> **REQUIRED ACTION**
With the pictures left out, transcribe exactly the lines from the one with "Soulsnatcherz online show" through the end of the data.

> **PROVIDED MATERIAL**
^^^^^^^^^^^^^^^^

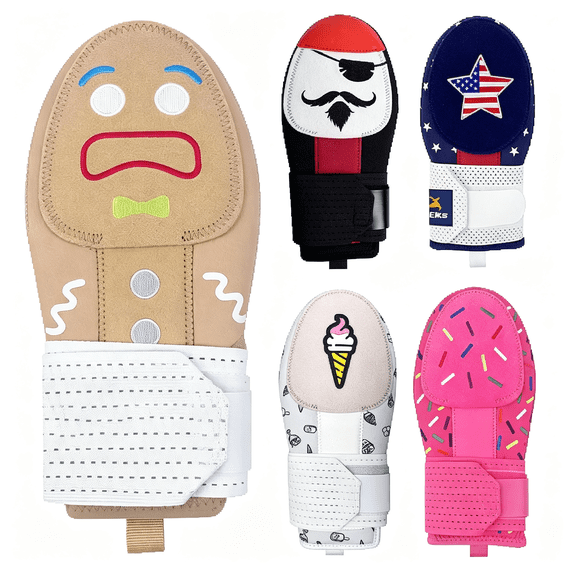 BESTSKY Sliding Mitt, Baseball Sliding Mitt Youth, Protective ...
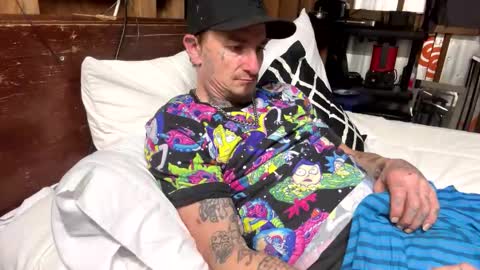 Soulsnatcherz online show from February 27, 2026, 10:15 am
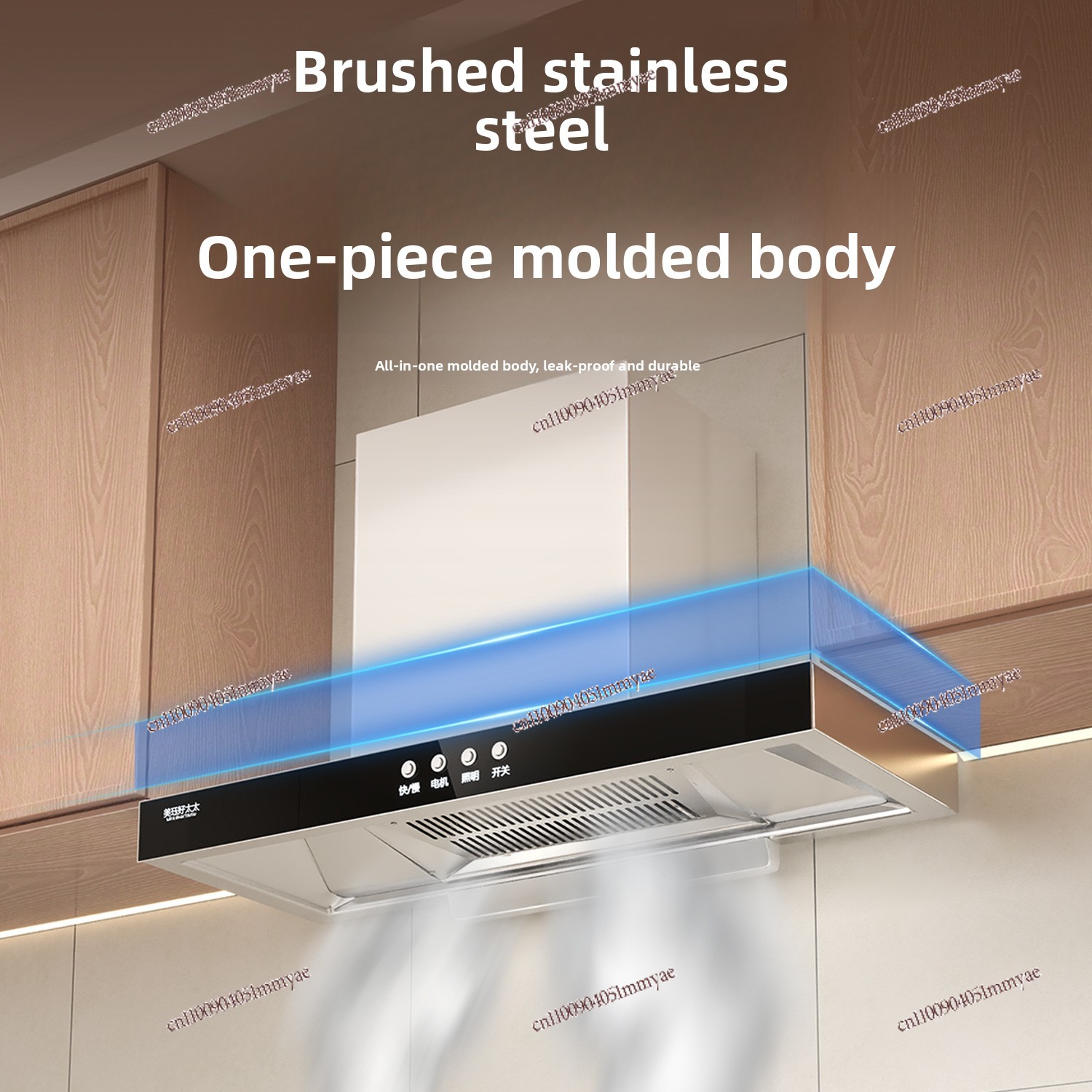 대형 흡입력 가정용 주방 아파트 임대 주택 소형 후드  - Commercial Kitchen Hoods 리뷰 및 가격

^^^^^^^^^^^^^^^^

> **SOLUTION TO THIS EXERCISE**
 Soulsnatcherz online show from February 27, 2026, 10:15 am
 대형 흡입력 가정용 주방 아파트 임대 주택 소형 후드  - Commercial Kitchen Hoods 리뷰 및 가격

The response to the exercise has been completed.